Spaced Shaun Fuzz Vs. The World
January 10, 2012 3:46 PM   Subscribe

Has your life becomes choppy, condensed, and full of zooms? You may have Edgar Wright Syndrome
posted by The Whelk (20 comments total) 9 users marked this as a favorite
 
No, but I speak in an annoying fake English accent.
posted by goethean at 3:50 PM on January 10, 2012 [1 favorite]


Heh.

Looking forwards to Ant Man and the next Apocalypse film.
posted by Artw at 3:51 PM on January 10, 2012


In a rare instance of me agreeing with a Youtube comment they are totally right about the 180 degree line there.
posted by Artw at 3:53 PM on January 10, 2012 [1 favorite]


THAT VIDEO LACKED ZOOMS
posted by Sticherbeast at 3:54 PM on January 10, 2012 [3 favorites]

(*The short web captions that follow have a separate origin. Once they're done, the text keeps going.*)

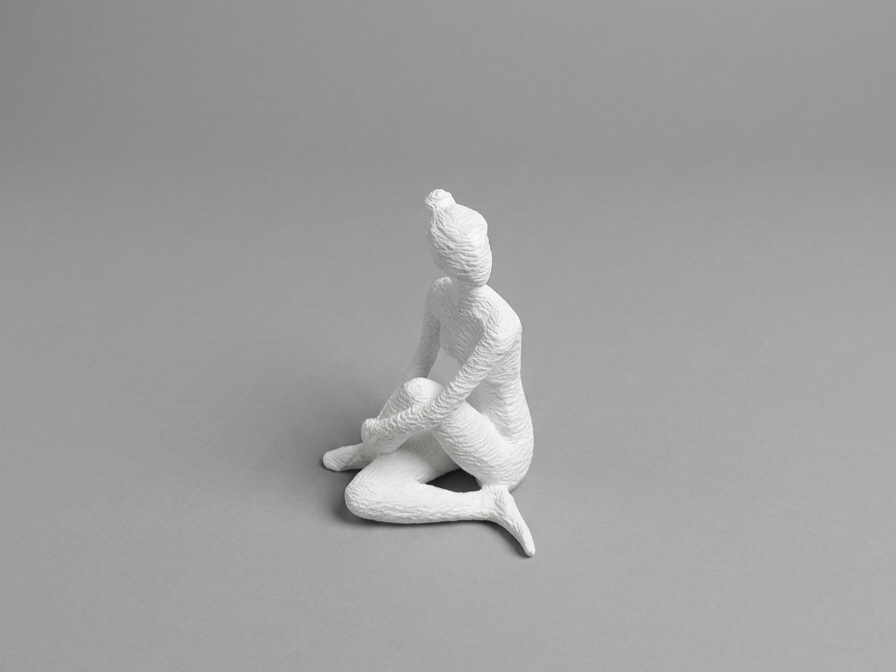 Faceless Sculpture Sitting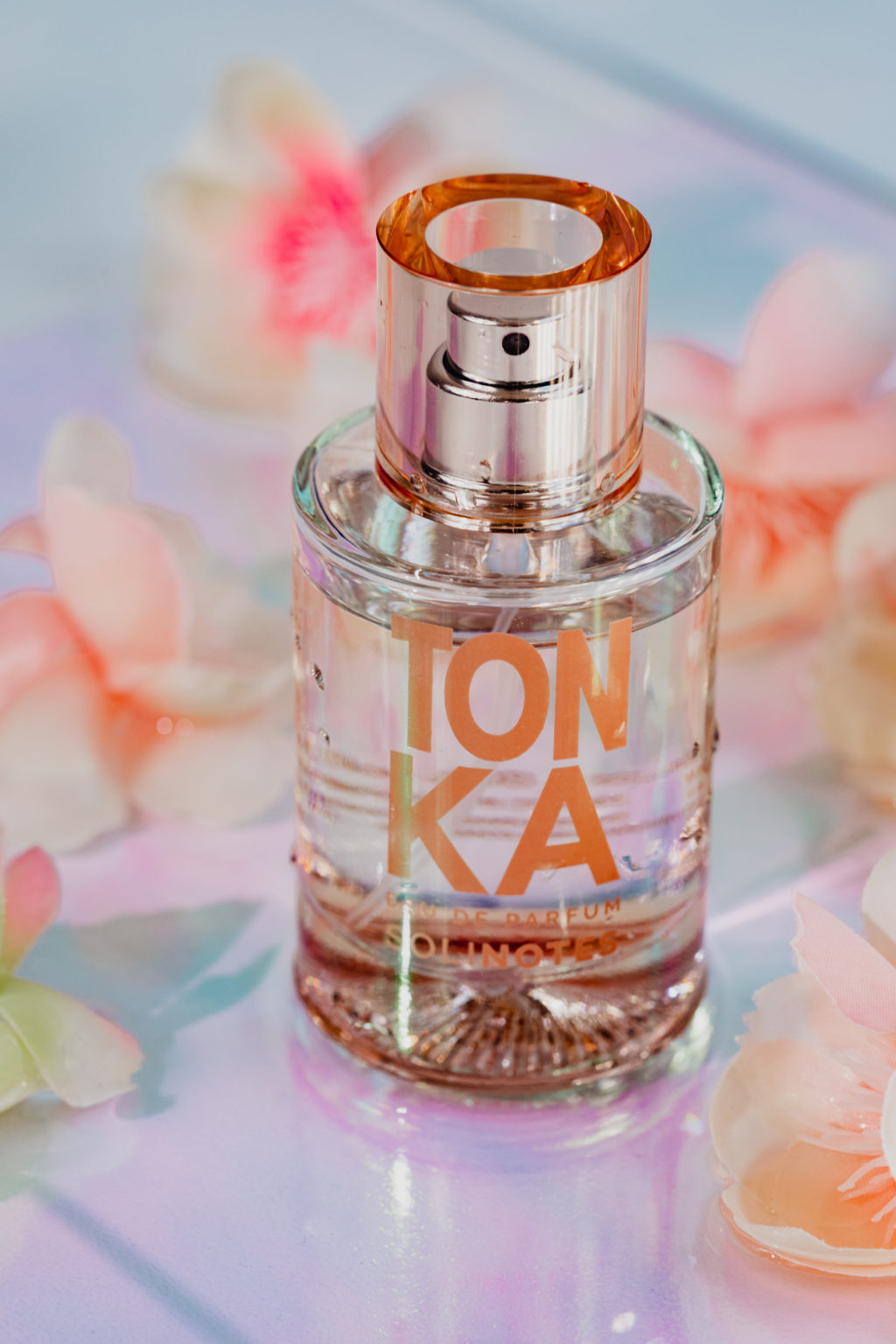 Image of Tonka perfume. Flowers are in the background.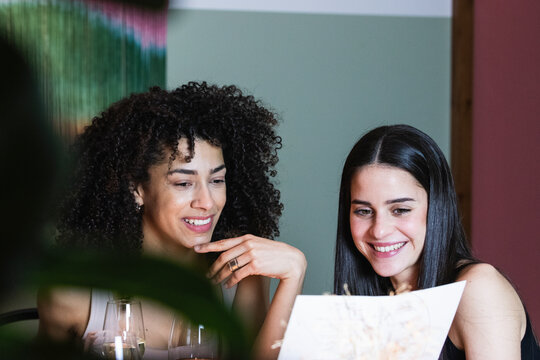 Smiling friends reading menu at restaurant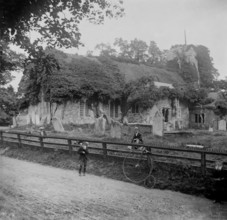 Abandoned stone church and penny-farthing bicycle, 1898. Creator: Robert Augustus Henry L'Estrange.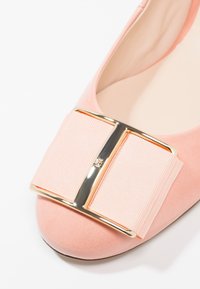 Ballerine en daim rose avec un grand nœud en tissu rose et un accent en métal doré sur l'avant.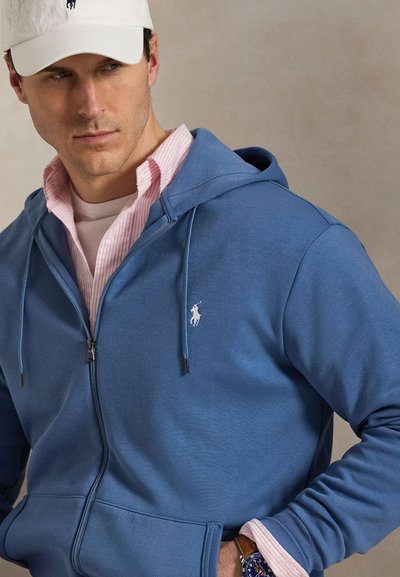 Mees, kes kannab sinist lukuga dressipluusi roosa särgi peal, valge nokkmütsi ja käekellaga, vaatab küljele ühevärvilise tausta ees.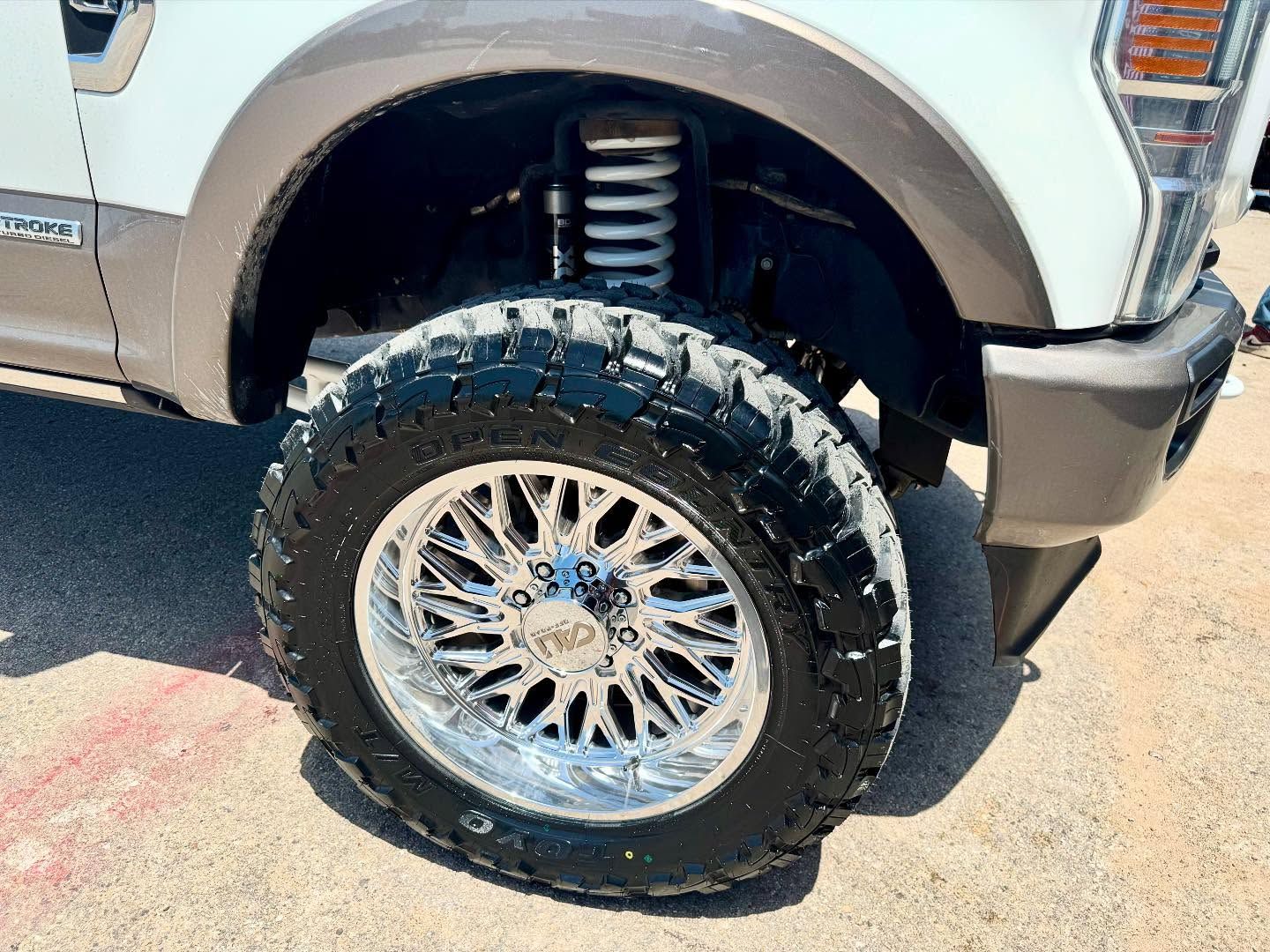 A close up of a white truck with a large tire on a dirt road.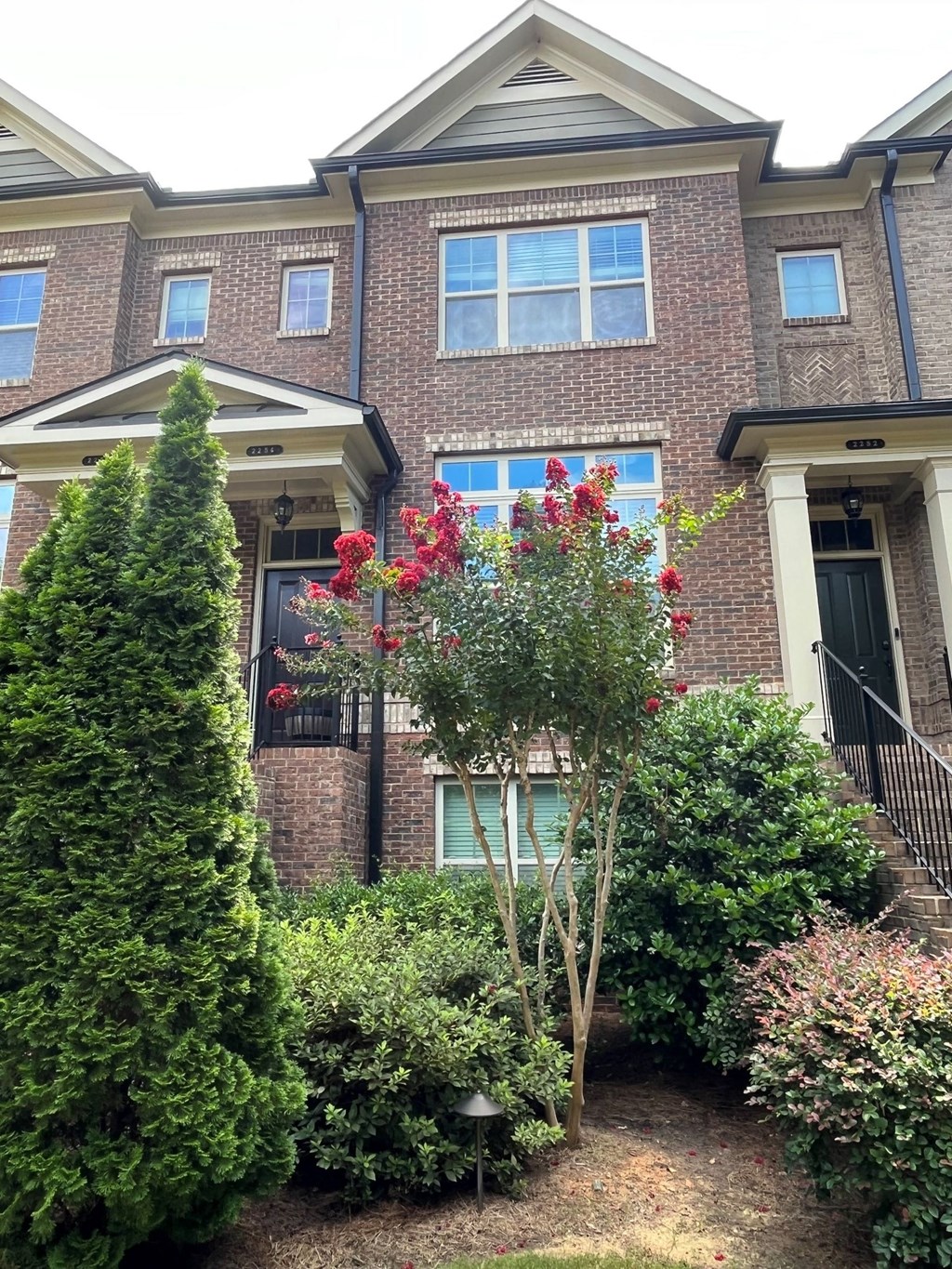 a house with a garden in front of it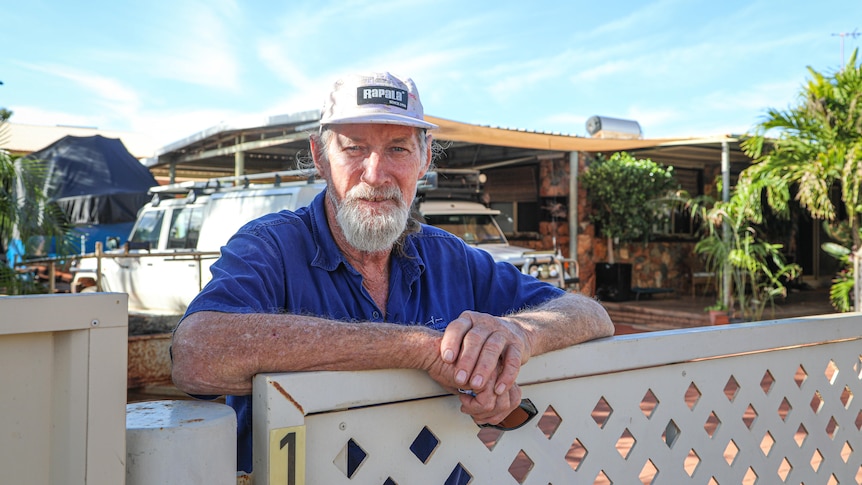 An older man with grey beard stands in front of his house, leans on the white, trellised front gate. 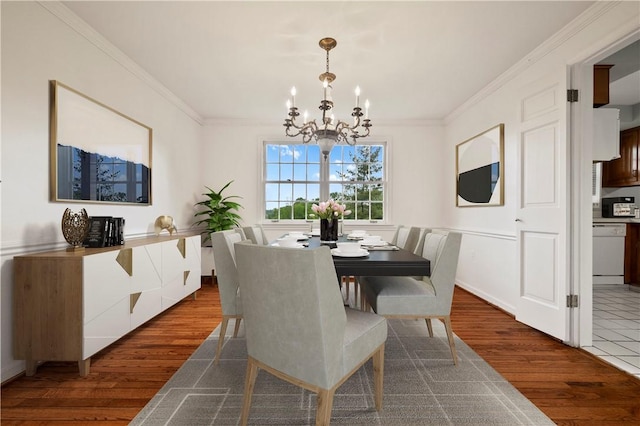677 Harrogate Rd, Upper St Clair, PA 15241 - dining room with a chandelier, dark wood finished floors, and ornamental molding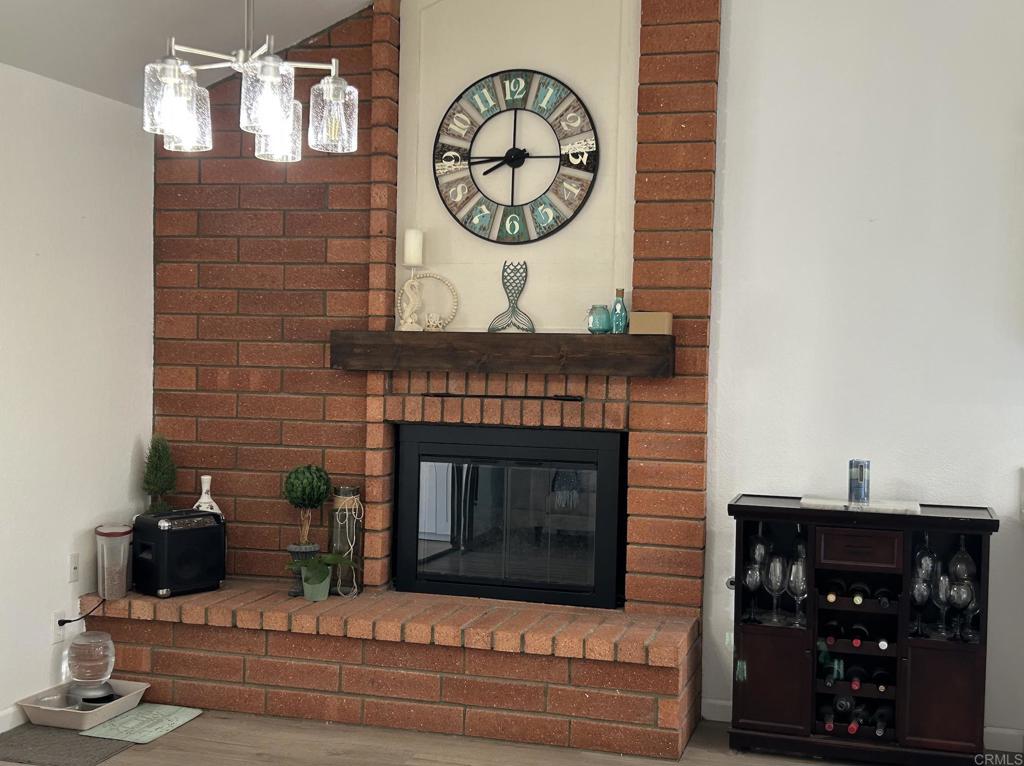 3594 Newland Road Oceanside, CA 92056 - Photo 18 of 44 a living room with furniture and a fireplace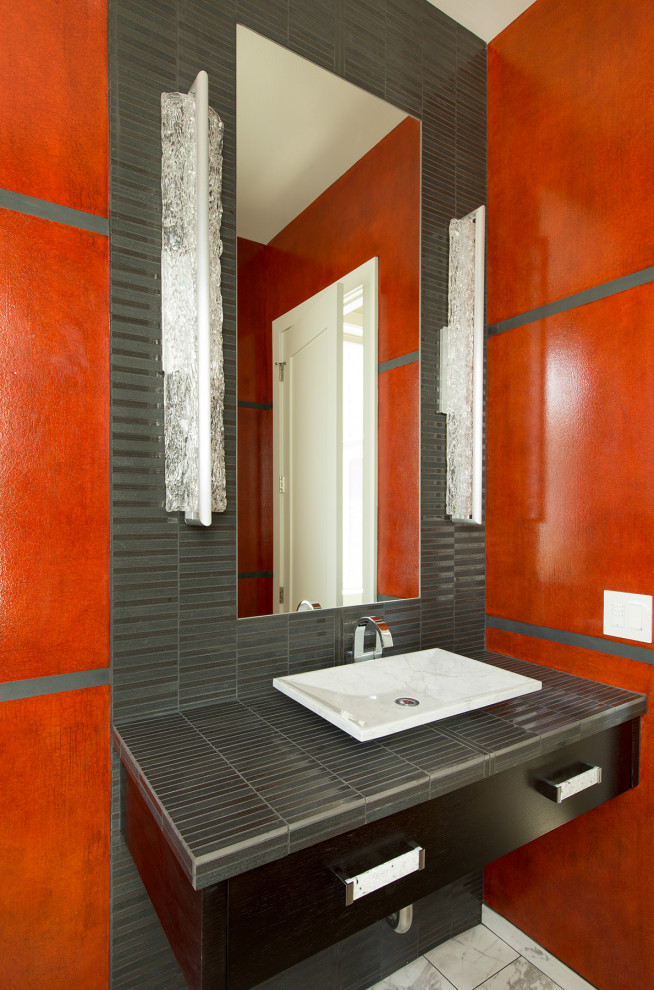 Bild på ett stort funkis grå grått toalett, med släta luckor, svarta skåp, en toalettstol med hel cisternkåpa, röd kakel, mosaik, röda väggar, klinkergolv i porslin, ett fristående handfat, kaklad bänkskiva och vitt golv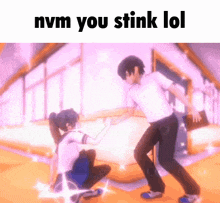 a boy and a girl are dancing in a room with the words `` nvm you stink lol '' .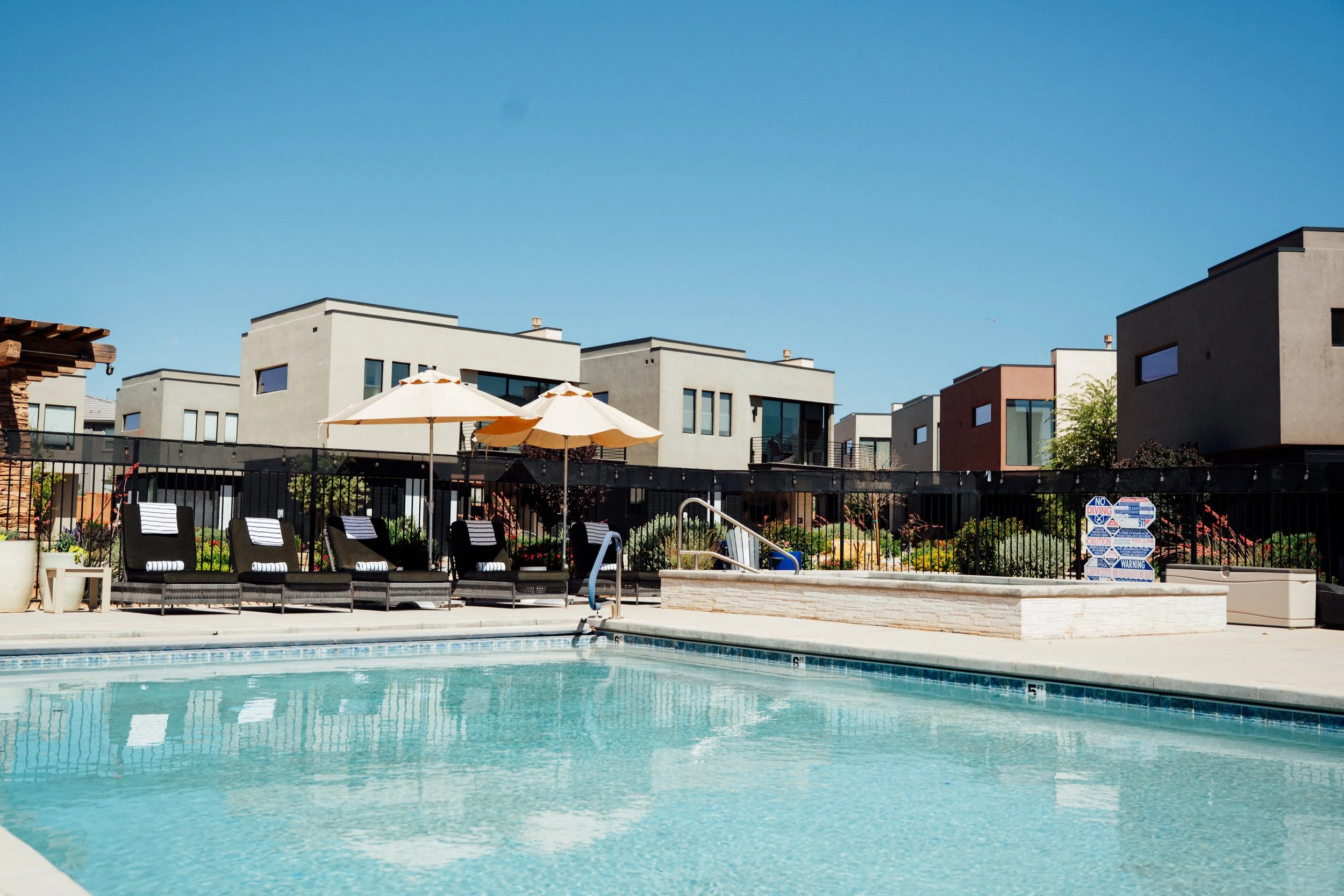 Movara Villa swimming pool with lounge chairs and umbrellas, surrounded by Villas under a clear blue sky.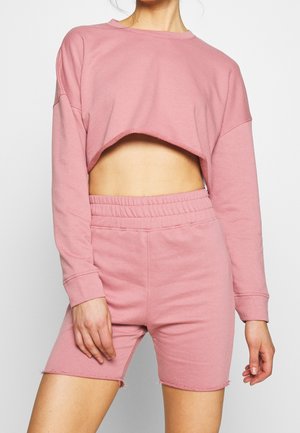 Person iført en lyserød cropped langærmet sweatshirt og matchende højttaljede shorts med elastik i taljen.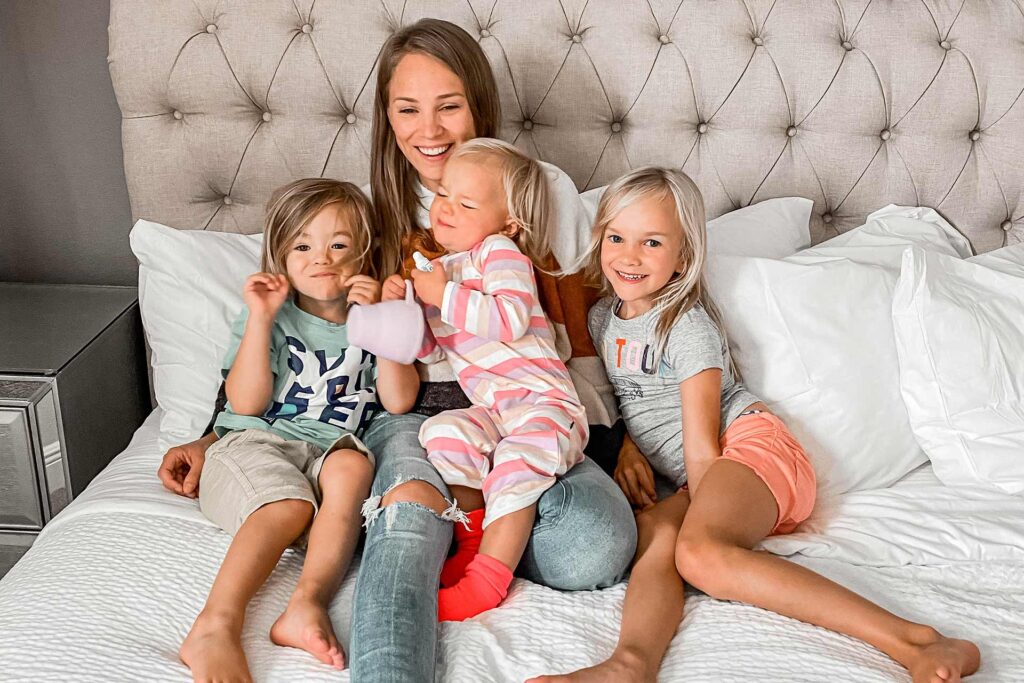 Mother resting in bed with her 3 kids at her Encore Resort home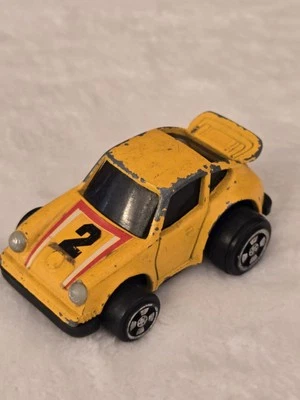 Coche fundido a presión amarillo Porsche Turbo 1977 vintage producto universal #2 carreras raro Foto 1 de 4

Attention amateur editors - there are ways you can, and times you should, break the 180 rule. This does not qualify.
posted by nathancaswell at 4:03 PM on January 10, 2012


Yeah. Needs more contra zoom.
posted by howfar at 4:03 PM on January 10, 2012


I liked it cause it made it look like he was talking to himself.
posted by The Whelk at 4:04 PM on January 10, 2012 [1 favorite]


Has your life become sun-sensitive, Texan and full of rock instrumentals? You may have Edgar Winter Syndrome.
posted by klangklangston at 4:54 PM on January 10, 2012 [5 favorites]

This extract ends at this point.